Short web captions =
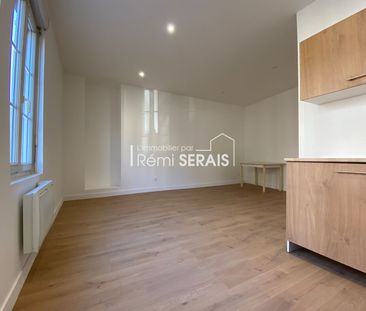 A LOUER - Studio plein centre Domfront - REF 14156, - Photo 3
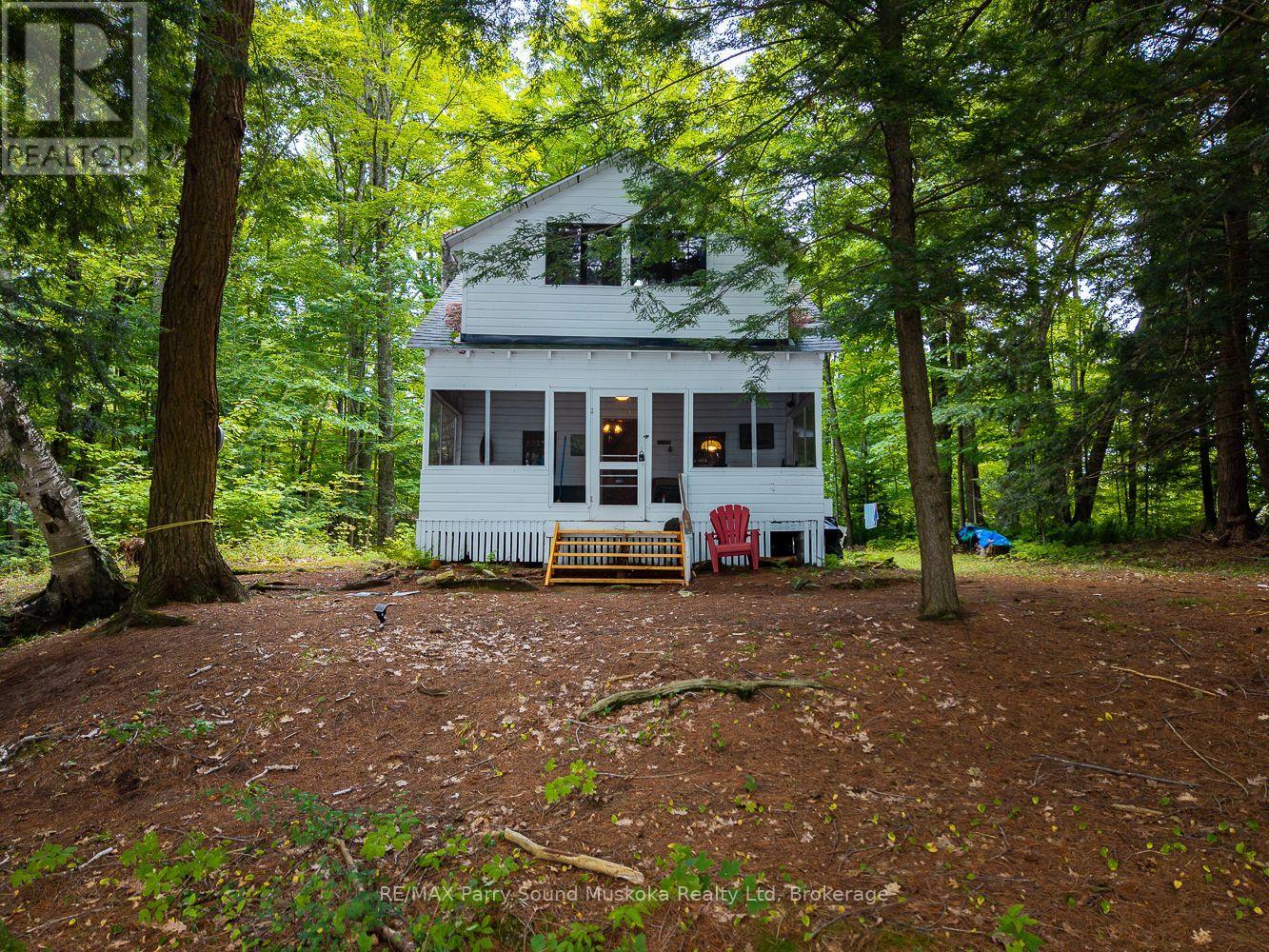 897 172 WA HORSESHOE LAKE - 6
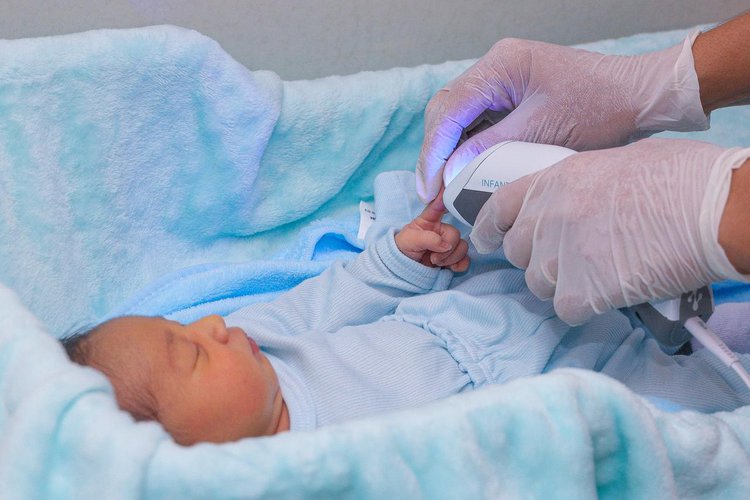 No Piauí, bebês já deixam a maternidade tendo carteira de identidade.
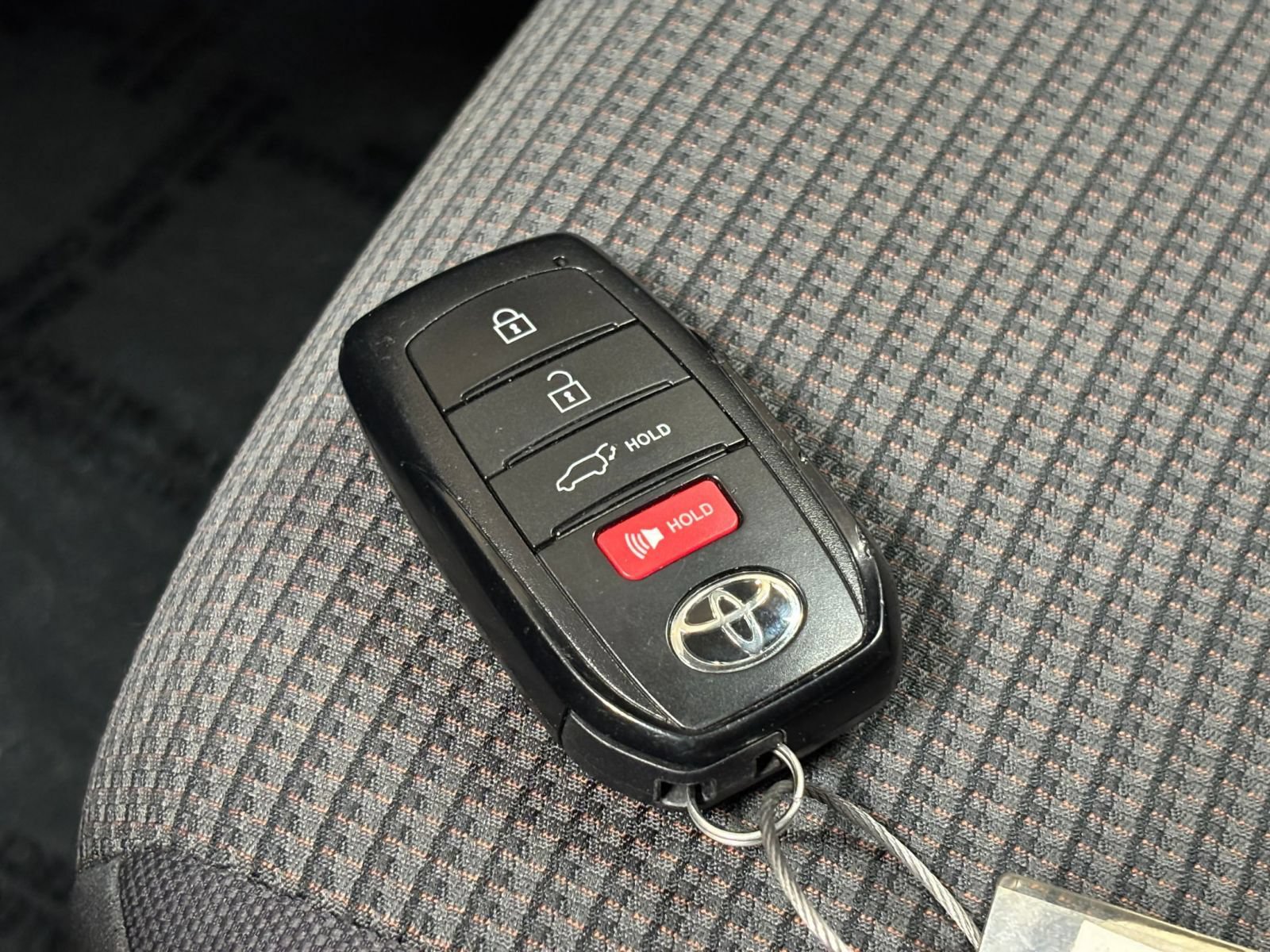 Used 2025 Toyota Highlander LE FWD image 21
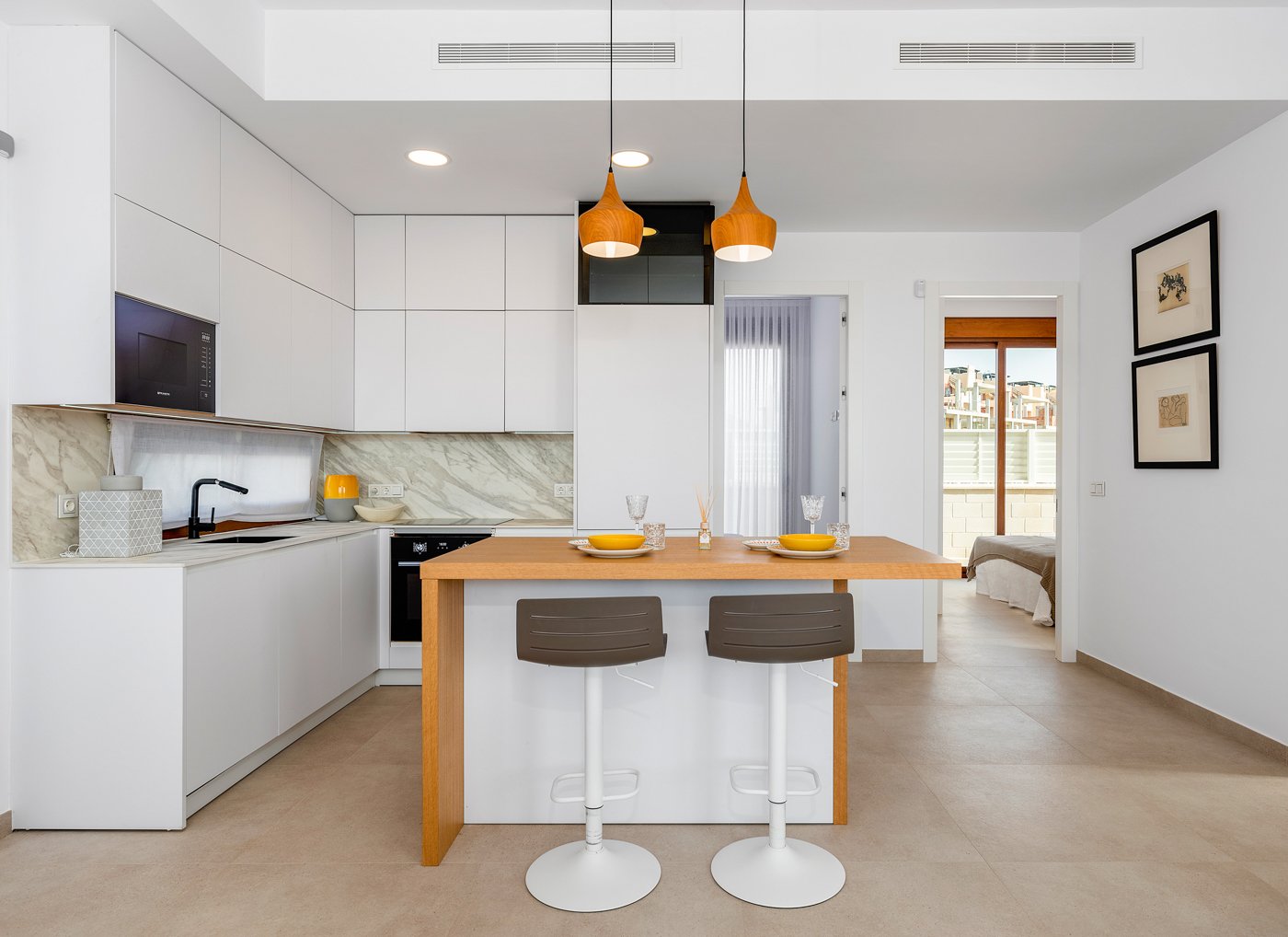 Ekskluzywne domy i wille, 1 km od morza, Vera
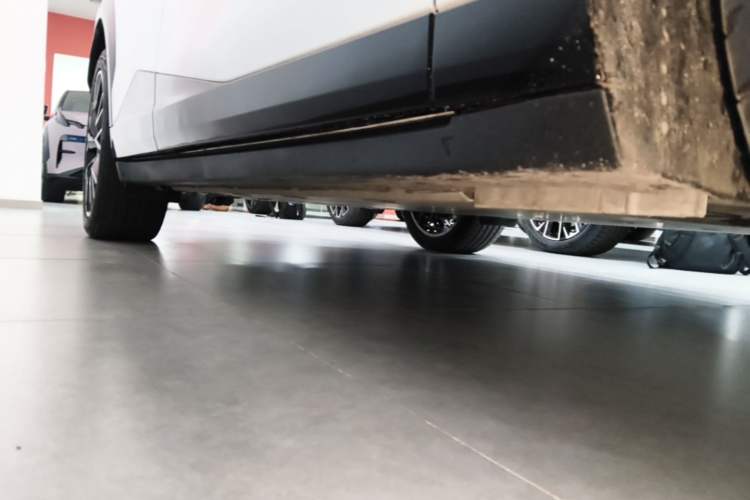Used Zeekr X 2025 Four-Seater Rear-Drive Cube Version Right Side Sill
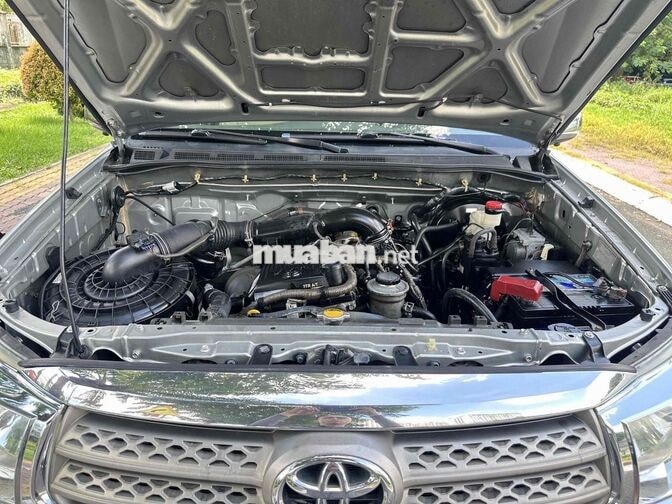 Toyota Fortuner 2010 2.7 AT 4x4 Xe Zin Giá Tốt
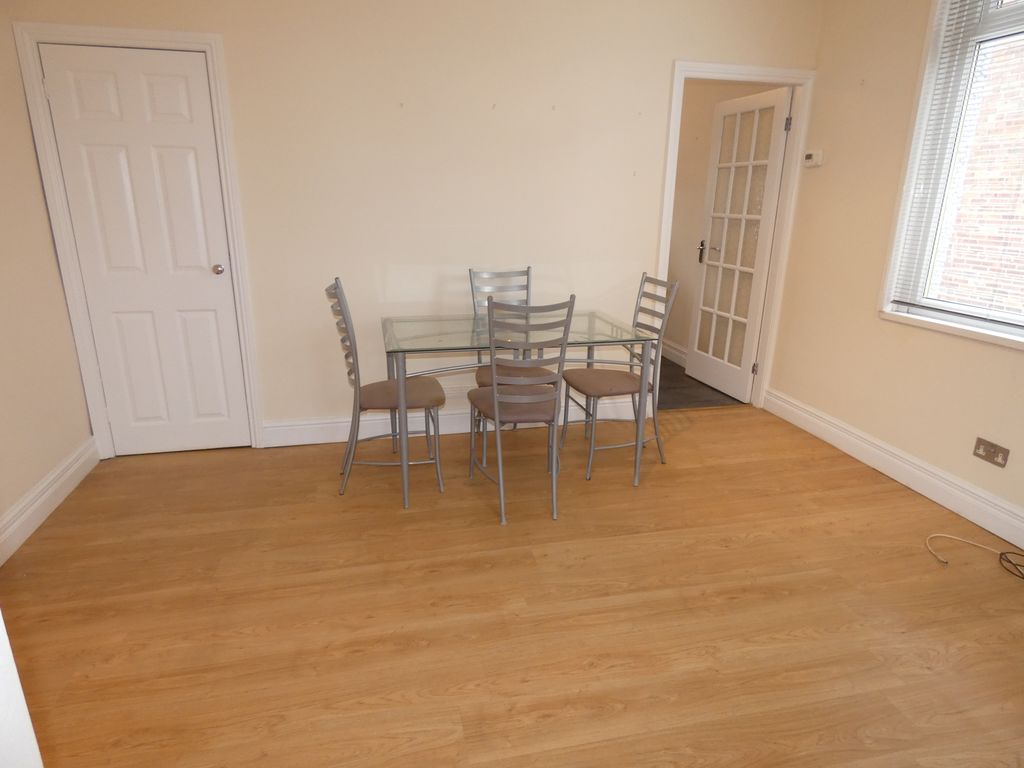 Lounge- click for photo gallery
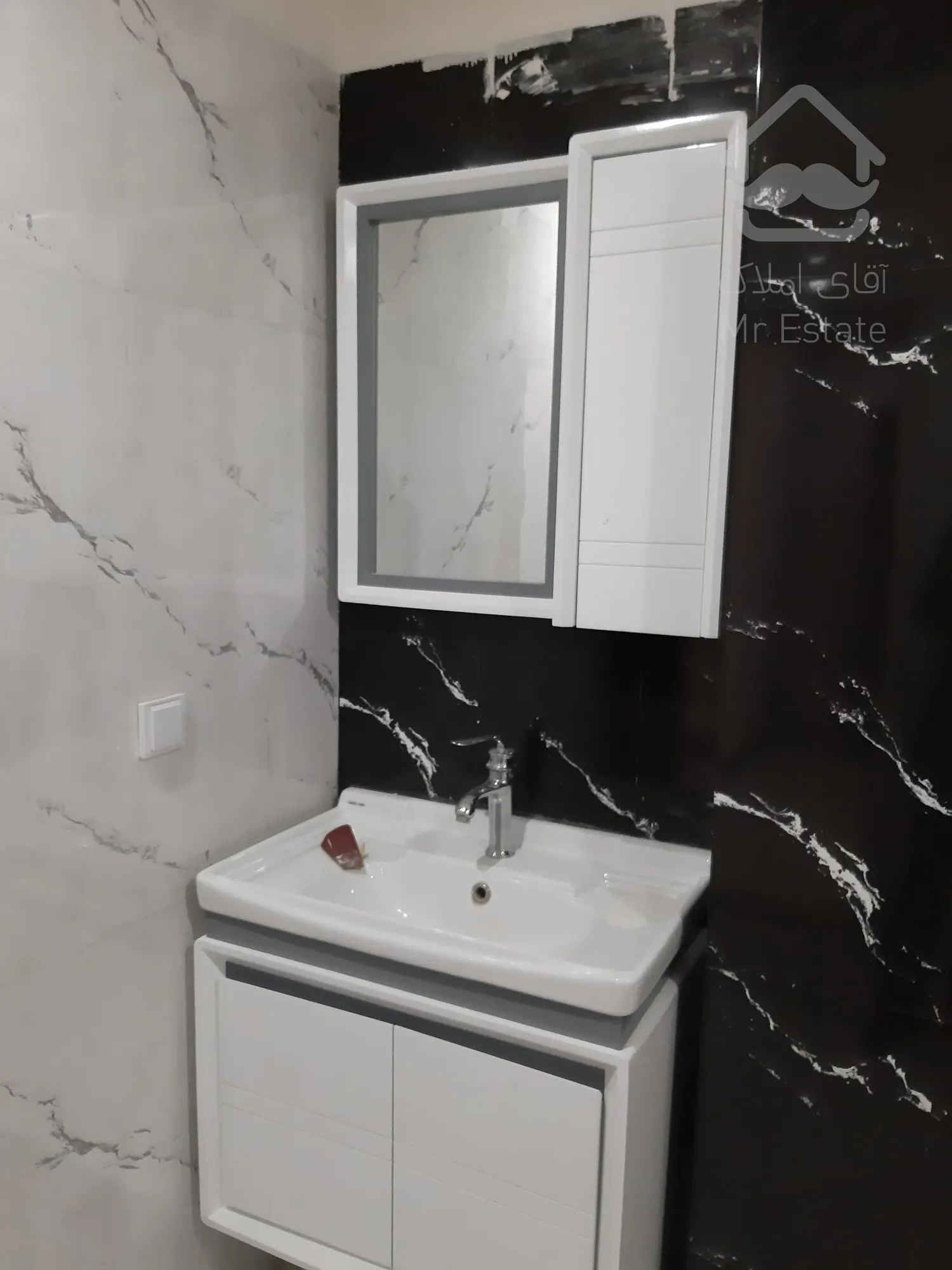 پیش فروش آپارتمان 128 متری لوکس در برج های رونیکاپالاس دردشت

Your goal =
Output exactly the lines from the one containing "Lounge- click for photo gallery" through the last line of the records above, both included, leaving out any pictures.

Task response =
 Lounge- click for photo gallery
 پیش فروش آپارتمان 128 متری لوکس در برج های رونیکاپالاس دردشت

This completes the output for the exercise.